Here is one with everything inside a poly~.

The problem is the same. So something isn’t working correctly with fluid.nmffilter~ downsampled and/or poly~ bug in general. Once you create a gesture buffer and try to output stuff, it lags, then you may see a bit of activity, then it stops again.

In addition to the internal downsampled poly~ input to the fluid.nmffilter~, there is an external one to make sure the poly~ is working correctly and passing audio/data.

That more-or-less makes sense, but what I was more asking was in terms of how the nmf algorithm responds to slow changes in material over time.

So if my default FFT settings are 4096 256 4096 and I’m downsampling that 32x to get the nmf algorithm to do gesture/event segmentation, is it possible to set FFT settings that work “properly” at 44.1k (32 x 4096?!). Would that even work as intended with nmf?

As in, rather than downsampling the data, instead, “upsampling” the FFT.

From much earlier in the thread:

So the downsampling was an attempt to get gesture separation on CV, which works well for buffer-based material, but doesn’t appear to be working for real-time use.

everything.zip (8.9 KB)

I tried this. When I do 3 gestures, I get bufnmf to deal with them very well.

even modified dirty to get it to work with the input to record through the downsampling and it works:

then you will get the latency to be expected with your WAY TOO HIGH fft settings: you are downsampling so in effect it takes 32 times longer to fill your fft! the whole point of downsampling is to keep the fft low! You will not get it with less latency for the same spectral precision, you will just save a lot of CPU. Then you might want to make the hop super small…

if you want 0.5 Hz precision, you’d need to use 2048 and 32 down, which is equivalent to run the fft at 65k at 44100 - I get the expected latency (a bit more than one second) with @fftsettings 1024 64 2048 and a good separation of DC

I think we’re talking about two things now actually.

The fluid.bufnmf~ has been working perfectly with the downsampled stuff for a few versions of the patch posted in the thread. Where the problems come in is the real-time output of fluid.nmffilter~ when set with the @bases produced by fluid.bufnmf~.

So here is the main bit of the patch, operating inside the 32x downsampled poly~:

Here is what fluid.nmffilter~ is doing:

Now you can’t tell since this is a screenshot, but the output of fluid.nmffilter~ is frozen. It seems to tick over once every 30s or something like that.

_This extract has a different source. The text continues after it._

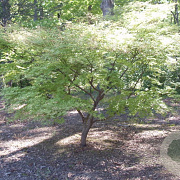 Acer pal. 'Shigitatsu-sawa' 200-250 cm cont. 130L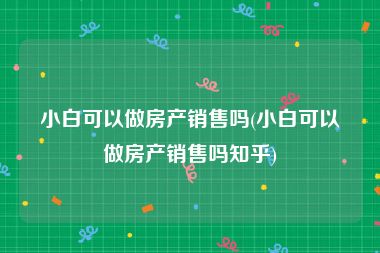 小白可以做房产销售吗(小白可以做房产销售吗知乎)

You can see the “through” output is working perfectly, and is quite steppy because of the 32x DS.

if you ds by 32, it means it takes you 3seconds to fill the fft buffer of 4096. this is why you have (like I do here) 3 seconds of latency.

the whole point of ds is to run smaller fft inside, and save CPU cost.

There is no way you can do a spectral processing on 0.5 Hz without sampling large - at that speed. This is the fundamental of FFT theory and sampling theory together. You cannot identify something larger than your window…

Does it make sense?

For info: this is how I get 3 seconds:

44100 samples per second, divided by 32 makes 1,378.125 samples per second.

4096 samples per window, divided by 1,378.125 samples per second, makes 2.9721542 seconds per window.

I tried with much smaller fft sizes (@fftsettings 128 8 128) and that works well in terms of latency, but we’re back to square one with regards to gesture separation:

So I understand that you can’t process something bigger than the fft size, since it doesn’t “exist”. But I get lost with the other stuff.

If @fftsettings 4096 256 4096 work well for fluid.bufnmf~ at 32x downsampling, in terms of decomposition, but is too slow (3s) for real-time use. Is it just a matter of finding the middle ground there?

Or can I do something where I decompose at one fft size, and then fluid.bufcompose~ a downsampled @bases buffer to feed into fluid.nmffilter~? Or would that not work?

you are always stuck with the same problem: if you are trying to take a picture of a mountain, you need to be at a certain distance…

yes. but if you aim only for speed, you won’t get anything. Downsampling is only helpful to reduce CPU as you need smaller FFT to get the same (low end) detail. What you lose by DS is high end… the same way and reason why you use UpSampling for your distortions you love so much: you gain (and lose) nothing in the low end but you extend the top’s limit.